Supreme Court justice family apologizes to family of slave

Charles Taney III, a descendant of U.S. Supreme Court Chief Justice Roger Taney, center, offers apology to Lynne Jackson, a descendant of Dred Scott, right, on the 160th anniversary of the Dred Scott decision in front of the Maryland State House, Monday, March 6, 2017, in Annapolis, Md. On March 6, 1857, the U.S. Supreme Court, in Dred Scott v. Sandford, ruled 7-2 that Scott, a slave, was not an American citizen and therefore could not sue for his freedom in federal court. (Kenneth K. Lam/The Baltimore Sun via AP)

ANNAPOLIS, Md. (AP) — The family of the chief justice who presided over the Supreme Court 160 years ago apologized to the family of a slave who tried to sue for his freedom.

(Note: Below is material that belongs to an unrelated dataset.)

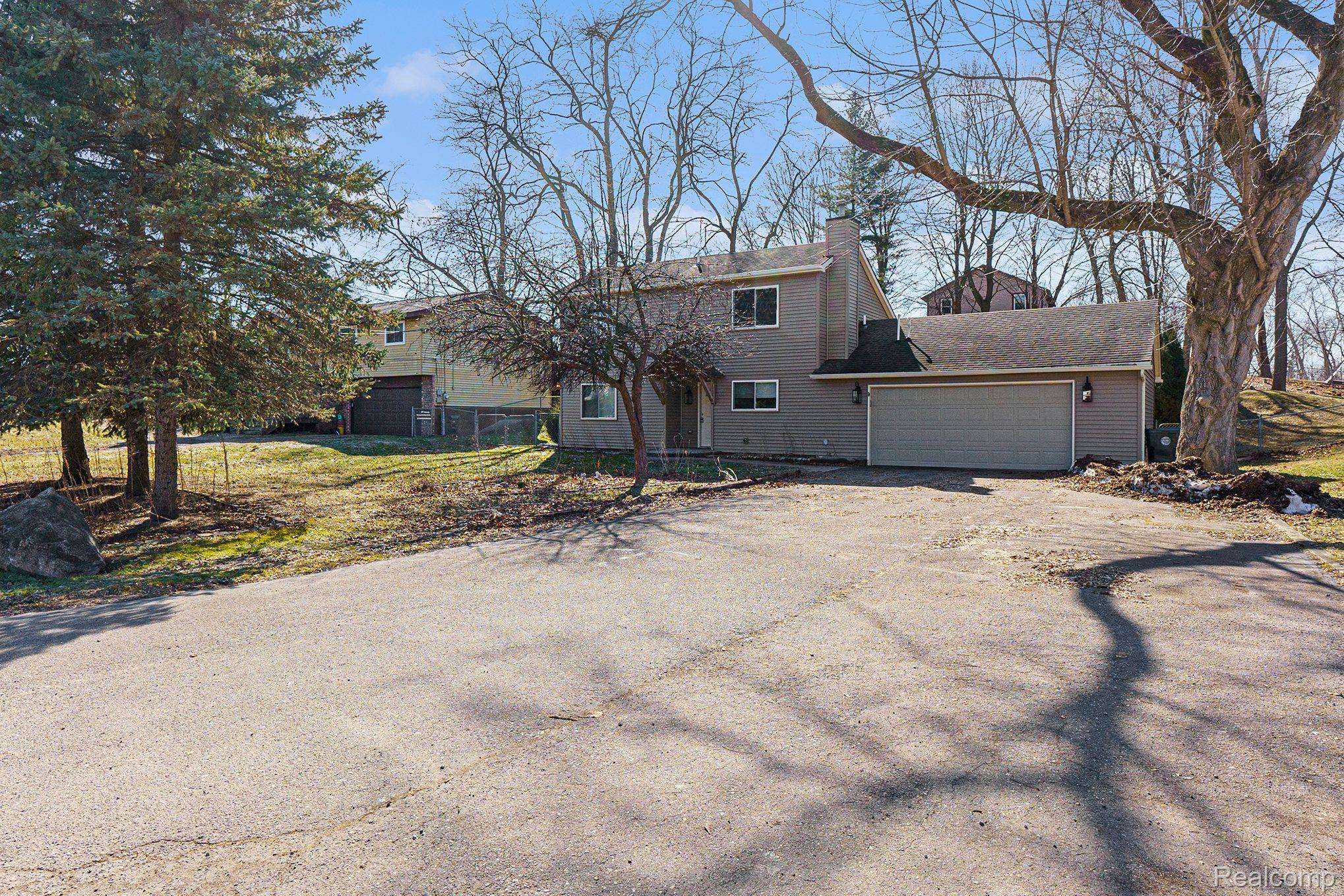 Lake Orion, MI 48362,221 HEIGHTS RD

Charley Taney on Monday apologized for the words written by his great-great-grand-uncle Roger Brooke Taney in the U.S. Supreme Court’s Dred Scott decision. Roger Taney wrote that African Americans could not have rights of their own and were inferior to white people.

Charley Taney stood outside the Maryland State House on Monday and apologized to Lynne Jackson, the great-great-granddaughter of Dred Scott, whose lawsuit prompted the decision. Jackson accepted the apology for her family and for “all African Americans.”

Monday marked the 160-year anniversary of the decision. The apology took place in front of a statue of Roger Brooke Taney.